I still get nothing in dmesg, though.

DBelton
27th September 2012, 04:10 AM
You have a Hauppauge card?

Have you tried installing the cx18-firmware?

stevea
27th September 2012, 07:12 AM
Proprietary modules is NOT the problem.

If you look at the screenshot for taint flags, the OP has the G and W flags set.
G means all modules are GPL'ed. (P means proprietary).
W means there was already a kernel problem reported.

http://www.kernel.org/doc/Documentation/oops-tracing.txt


'W' if a warning has previously been issued by the kernel.
(Though some warnings may set more specific taint flags.)
===========

I see you are getting a bunch of SIGSEGVs for processes.
Is you DRAM OK ? It could cause this problem too.
install 'memtest86+' package and boot it, let it run a few FULL cycles or overnight.
This *might* cause the other problem, but that's iffy.
===========

This bug in systemd-devd seems to be the cause of the taint, not the abrt.


INFO: possible recursive locking detected ]
3.6.0-0.rc6.git2.1.fc18.x86_64 #1 Tainted: G W
---------------------------------------------
systemd-udevd/429 is trying to acquire lock:
(hdl->lock){+.+...}, at: [<ffffffffa02a685e>] find_ref_lock+0x2e/0x60 [videodev]
but task is already holding lock:


I strongly urge you report that one to bugzilla.redhat.com
It looks serious and could impact a lot of others.
Linux is a community effort and you an do your bit by reporting problems.

The traceback is through the v4l2 video code, so I suspect it's your vid cam driver
probe code.

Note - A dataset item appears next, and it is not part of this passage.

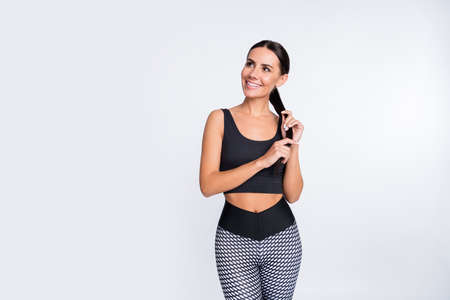 Photo of happy smiling dreamy lovely charming woman look copyspace prepare exercising isolated on...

You might try blacklisting the driver for it, disconnecting it,
whatever, as test. The driver is either cx18 or cx18-alsa

You can add the lines
blacklist cx18
blacklist cx18-alsa
to /etc/modprobe.d/blacklist.conf and reboot to test if that fixes it.
You won't have access to the camera.
===========

Your kernel abort problem originated in lib/dma-debug.c which is part of the kernel DMA routines.
There may be a bug in one of the drivers vs your chipsets. The disk drivers and enet drives are top of the list. *maybe* your camera.

Try booting w/o some parts or drivers if you can.

If the above don't work out post the output of
dmesg
lsmod
lspci -nnk

---------- Post added at 02:12 AM ---------- Previous post was at 01:21 AM ----------

After scanning the kernel, it seems that probe/traceback was likely from the cx18-alsa driver which includes 'av hardware, specifically a sound system. The error is the result of the setup of the 'av' hardwaare. It really is possible that that failure caused the dma-debug abort later.

Most likely the cx18-alsa driver has a problem.

dcharlespyle
27th September 2012, 12:55 PM
You have a Hauppauge card?

Have you tried installing the cx18-firmware?

Yes and yes to both questions. It still happens with the 3.6 kernels but not the 3.5 kernels (now gone from the /boot directory due to updates).

A recent set of updates just made my system go loopy so I have to for the moment reply to this using Windows...unfortunate.

---------- Post added at 05:55 AM ---------- Previous post was at 05:50 AM ----------


I strongly urge you report that one to bugzilla.redhat.com
It looks serious and could impact a lot of others.
Linux is a community effort and you an do your bit by reporting problems.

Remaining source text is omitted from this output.